The European Union Chamber of Commerce in China will celebrate its 10th anniversary this November. There's much reason for it to celebrate, as after several months of work, the Chamber has finally received clarification of the status of foreign companies in China. As a result, the nation's highest authority has asserted that all legally registered foreign companies will be treated the same as domestic companies.

As the direct communication channel between European companies and governments for the past 10 years, the Chamber made the voice from industries heard by the Chinese government.

Dirk Moens, the Secretary General of the Chamber, admitted that European companies still have the impression that implementation and enforcement of laws and regulations are always done differently for foreign companies and domestic companies. It is an additional challenge for foreign companies operating businesses in China.

"We don't ask for preferable treatment. What we are looking for is equal treatment with the domestic companies at operating level," he told the Global Times.

Since the beginning of the global economic crisis, the Chamber has been attentive to policies from the Chinese government to see if there is any over-protection for domestic companies, as governments in different countries and regions all over the world declared that they would protect domestic industries and it raised the concern of foreign companies in China. "So far, most of our member companies are happy with what they are doing in China during the crisis," Moens said.

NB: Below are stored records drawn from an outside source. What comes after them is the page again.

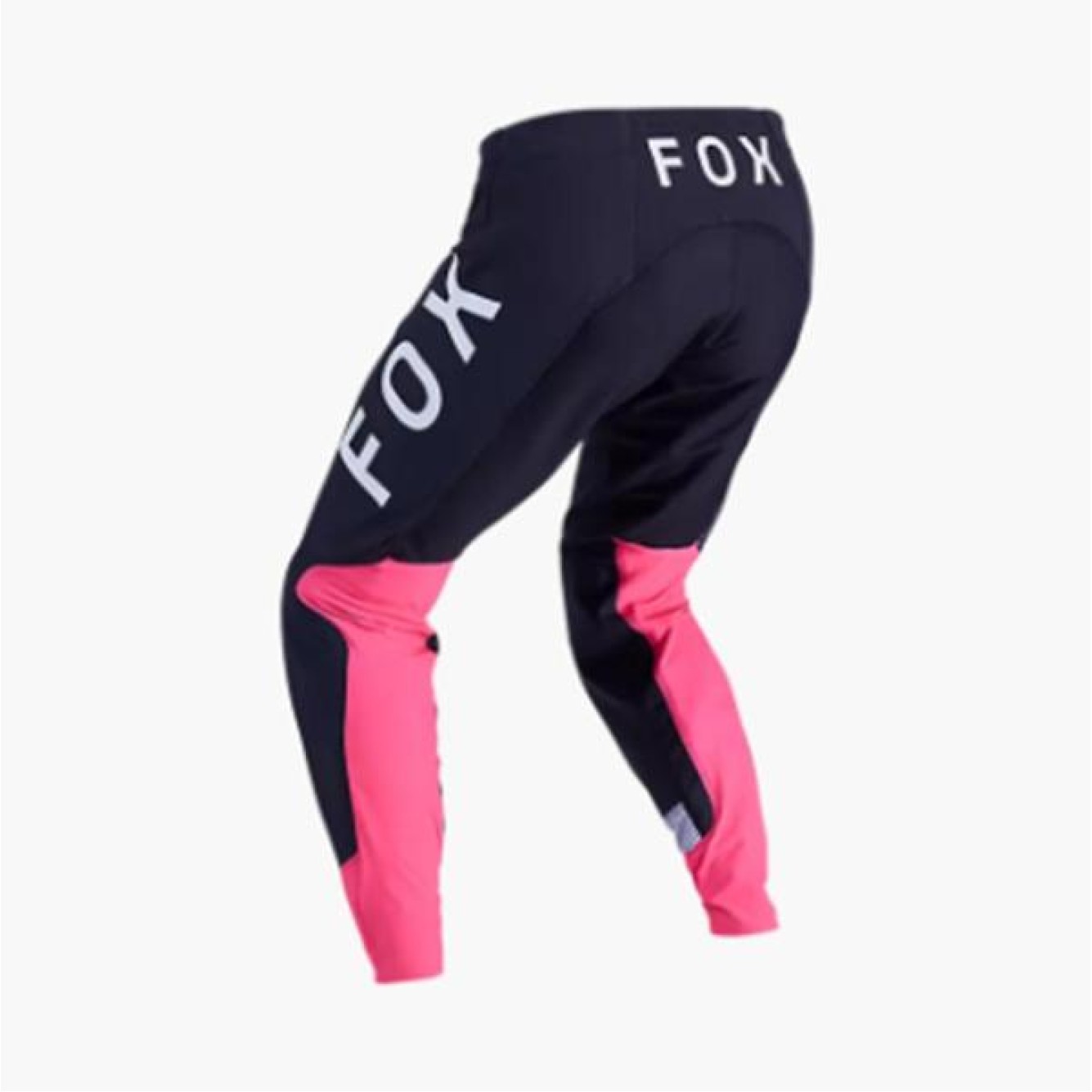 Fox | Dames Crossbroek Flexair Fracture Zwart/Wit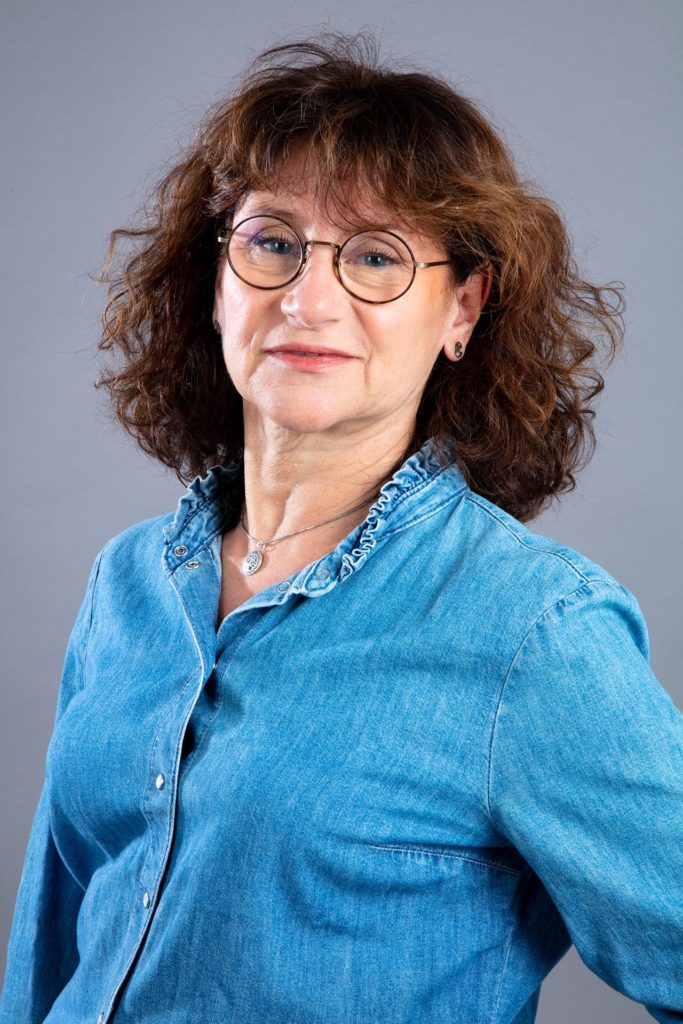 Katia Lévine - Sophrologue et spirothérapeute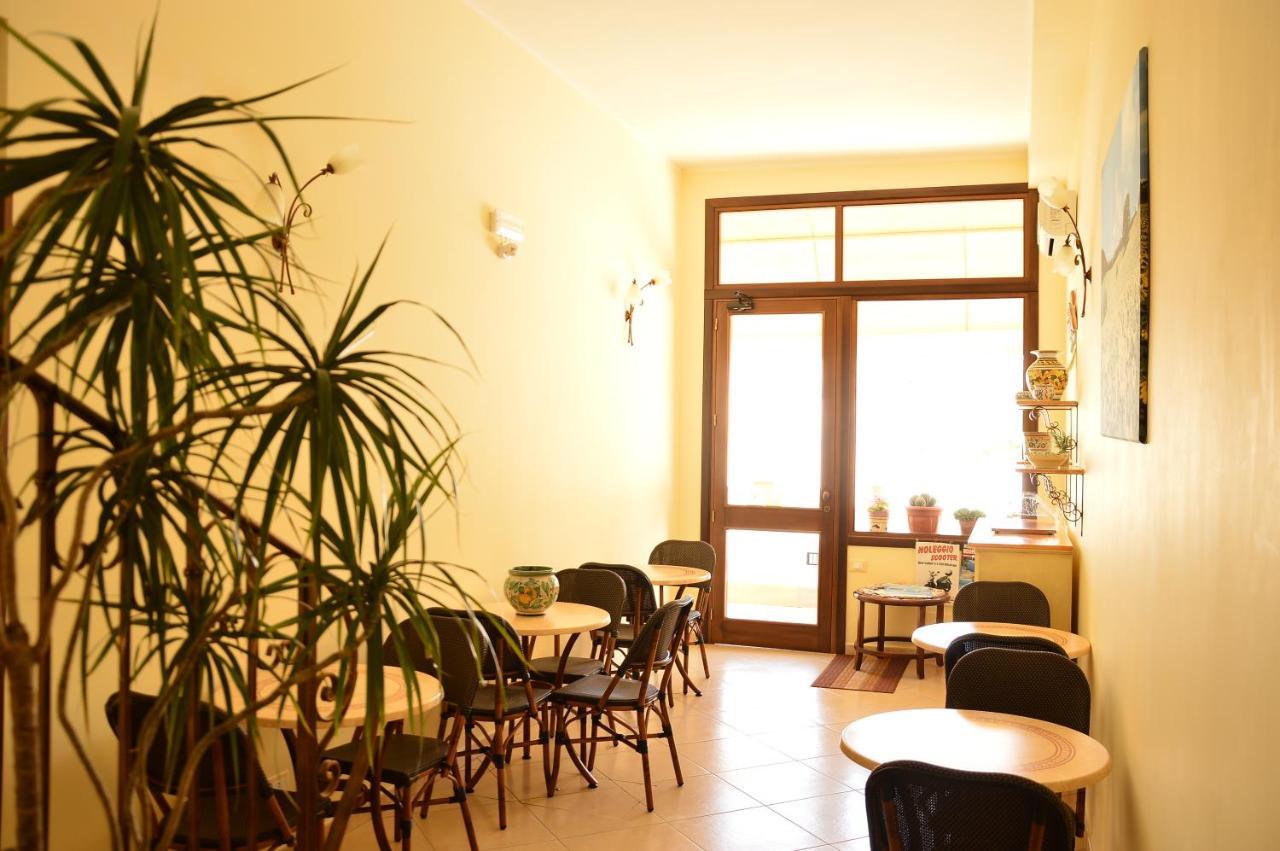 Bed and Breakfast Attinia San Vito Lo Capo Esterno foto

The history of European companies investing in China can be traced back decades, when foreign direct investment (FDI) was commonly welcome. Today the picture is very different. "The Chinese government knows well what they are going to promote. FDI is still welcome but in more selective ways," Moens commented. He suggested European companies planning to invest in China do their homework in order to know clearly where they can fit into the national agenda that is set out by the government. Otherwise it would be very difficult to get started.